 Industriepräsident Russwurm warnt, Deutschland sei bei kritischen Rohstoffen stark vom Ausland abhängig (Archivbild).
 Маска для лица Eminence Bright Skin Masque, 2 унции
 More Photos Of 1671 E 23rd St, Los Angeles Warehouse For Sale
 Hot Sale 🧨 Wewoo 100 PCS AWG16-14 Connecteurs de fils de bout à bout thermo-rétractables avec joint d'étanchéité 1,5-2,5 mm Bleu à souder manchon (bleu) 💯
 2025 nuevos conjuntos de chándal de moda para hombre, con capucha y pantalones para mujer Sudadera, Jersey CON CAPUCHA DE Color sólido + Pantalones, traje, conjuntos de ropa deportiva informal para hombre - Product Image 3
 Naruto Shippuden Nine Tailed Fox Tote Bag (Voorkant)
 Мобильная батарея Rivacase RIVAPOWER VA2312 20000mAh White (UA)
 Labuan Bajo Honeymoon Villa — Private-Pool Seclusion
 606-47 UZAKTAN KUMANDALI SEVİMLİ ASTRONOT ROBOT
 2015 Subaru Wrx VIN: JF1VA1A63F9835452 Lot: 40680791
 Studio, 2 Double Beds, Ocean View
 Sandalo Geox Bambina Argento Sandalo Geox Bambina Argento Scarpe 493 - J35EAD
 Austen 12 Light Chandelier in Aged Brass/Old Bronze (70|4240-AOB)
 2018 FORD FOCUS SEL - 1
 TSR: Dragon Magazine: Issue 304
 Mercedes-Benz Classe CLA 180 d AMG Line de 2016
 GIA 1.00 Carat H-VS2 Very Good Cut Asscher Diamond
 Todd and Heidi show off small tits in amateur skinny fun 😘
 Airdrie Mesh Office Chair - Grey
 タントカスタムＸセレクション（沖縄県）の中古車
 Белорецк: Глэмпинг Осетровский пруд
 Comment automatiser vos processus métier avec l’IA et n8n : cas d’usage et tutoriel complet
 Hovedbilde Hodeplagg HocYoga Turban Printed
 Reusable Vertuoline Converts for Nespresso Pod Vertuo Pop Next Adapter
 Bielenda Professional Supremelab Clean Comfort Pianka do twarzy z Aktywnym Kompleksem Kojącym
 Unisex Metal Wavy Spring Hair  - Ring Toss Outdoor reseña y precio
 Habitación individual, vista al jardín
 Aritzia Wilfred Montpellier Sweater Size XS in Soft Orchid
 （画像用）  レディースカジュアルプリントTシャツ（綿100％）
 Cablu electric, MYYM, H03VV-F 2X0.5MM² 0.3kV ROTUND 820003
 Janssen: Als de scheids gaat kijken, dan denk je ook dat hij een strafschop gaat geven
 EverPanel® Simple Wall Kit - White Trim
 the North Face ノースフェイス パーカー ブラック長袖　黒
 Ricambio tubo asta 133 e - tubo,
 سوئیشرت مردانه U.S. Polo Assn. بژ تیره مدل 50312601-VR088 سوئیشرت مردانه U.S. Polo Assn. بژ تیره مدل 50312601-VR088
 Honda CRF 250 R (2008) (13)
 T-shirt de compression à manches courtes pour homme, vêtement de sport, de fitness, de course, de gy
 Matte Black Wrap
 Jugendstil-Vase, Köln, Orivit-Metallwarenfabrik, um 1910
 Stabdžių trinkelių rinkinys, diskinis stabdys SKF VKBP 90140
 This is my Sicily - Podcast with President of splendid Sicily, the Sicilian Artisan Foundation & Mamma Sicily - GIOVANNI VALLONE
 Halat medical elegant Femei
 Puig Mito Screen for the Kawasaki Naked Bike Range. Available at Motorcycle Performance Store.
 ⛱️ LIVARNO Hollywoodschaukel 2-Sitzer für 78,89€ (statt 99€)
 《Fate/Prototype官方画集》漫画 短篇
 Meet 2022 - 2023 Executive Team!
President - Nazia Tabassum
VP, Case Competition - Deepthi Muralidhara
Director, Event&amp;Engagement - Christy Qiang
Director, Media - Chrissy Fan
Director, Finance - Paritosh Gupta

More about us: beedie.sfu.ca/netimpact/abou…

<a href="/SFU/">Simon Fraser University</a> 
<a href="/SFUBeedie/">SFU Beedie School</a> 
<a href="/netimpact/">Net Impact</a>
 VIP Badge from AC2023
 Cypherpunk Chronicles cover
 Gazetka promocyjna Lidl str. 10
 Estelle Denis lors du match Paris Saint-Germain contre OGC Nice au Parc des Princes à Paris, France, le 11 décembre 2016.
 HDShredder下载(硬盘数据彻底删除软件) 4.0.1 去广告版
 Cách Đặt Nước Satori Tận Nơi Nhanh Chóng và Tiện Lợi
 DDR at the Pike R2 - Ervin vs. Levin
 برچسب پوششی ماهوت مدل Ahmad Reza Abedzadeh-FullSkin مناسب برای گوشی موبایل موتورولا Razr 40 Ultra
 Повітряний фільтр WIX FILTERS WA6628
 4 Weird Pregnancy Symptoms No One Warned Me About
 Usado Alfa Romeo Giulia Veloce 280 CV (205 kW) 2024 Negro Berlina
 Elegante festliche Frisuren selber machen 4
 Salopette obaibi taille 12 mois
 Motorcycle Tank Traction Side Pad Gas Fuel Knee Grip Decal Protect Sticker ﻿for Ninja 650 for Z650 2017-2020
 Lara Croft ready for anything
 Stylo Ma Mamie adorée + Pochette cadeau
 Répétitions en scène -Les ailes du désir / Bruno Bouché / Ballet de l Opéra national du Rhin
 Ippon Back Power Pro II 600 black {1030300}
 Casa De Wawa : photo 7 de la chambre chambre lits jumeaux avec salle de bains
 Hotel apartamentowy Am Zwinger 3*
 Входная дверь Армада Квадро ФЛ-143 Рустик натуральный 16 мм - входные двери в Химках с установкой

= = = = =

_ABOUT THIS EXERCISE_. From the data, list each line in which the string "Director" appears.

_SOLUTION FOR THIS TASK_.
Director, Event&amp;Engagement - Christy Qiang
Director, Media - Chrissy Fan
Director, Finance - Paritosh Gupta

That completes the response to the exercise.